Problem: No pictures go into the copy. Write out every line below exactly.

Exercise data:
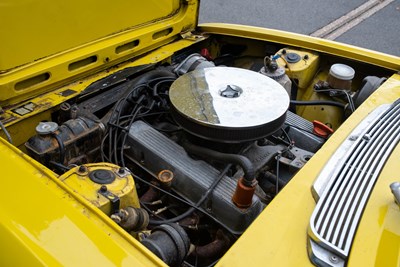 Lot 1975 Triumph Stag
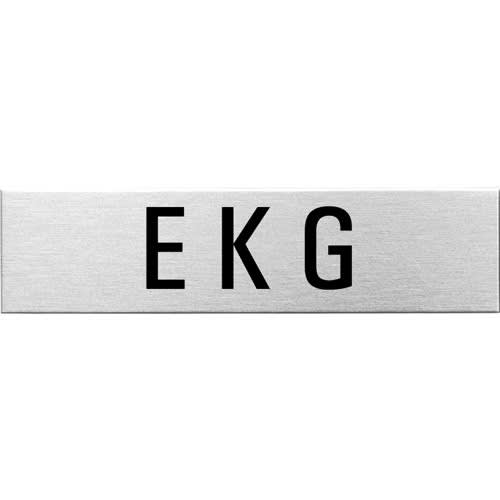 Eckiges Textschild mit der Aufschrift EKG in schwarzer Schrift auf silbernem Hintergrund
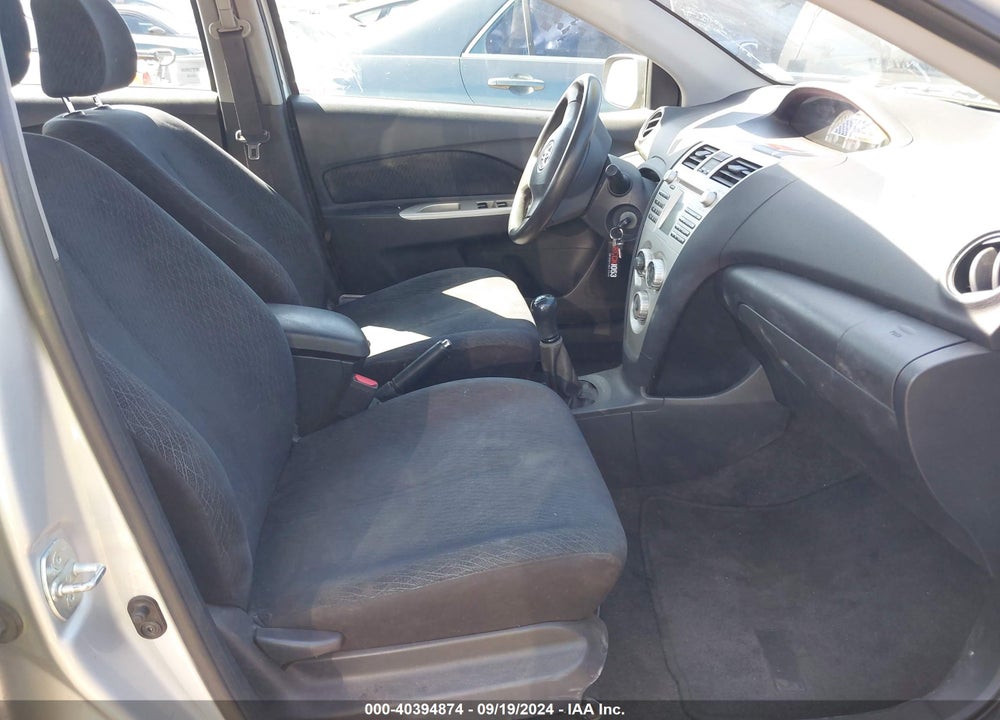 2008 TOYOTA YARIS VIN: JTDBT903981218412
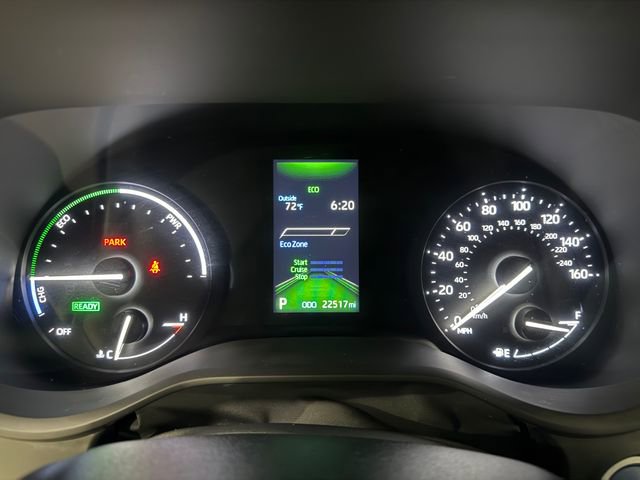 Used 2022 Toyota Sienna XSE image 19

Solution for this exercise:
 Lot 1975 Triumph Stag
 Eckiges Textschild mit der Aufschrift EKG in schwarzer Schrift auf silbernem Hintergrund
 2008 TOYOTA YARIS VIN: JTDBT903981218412
 Used 2022 Toyota Sienna XSE image 19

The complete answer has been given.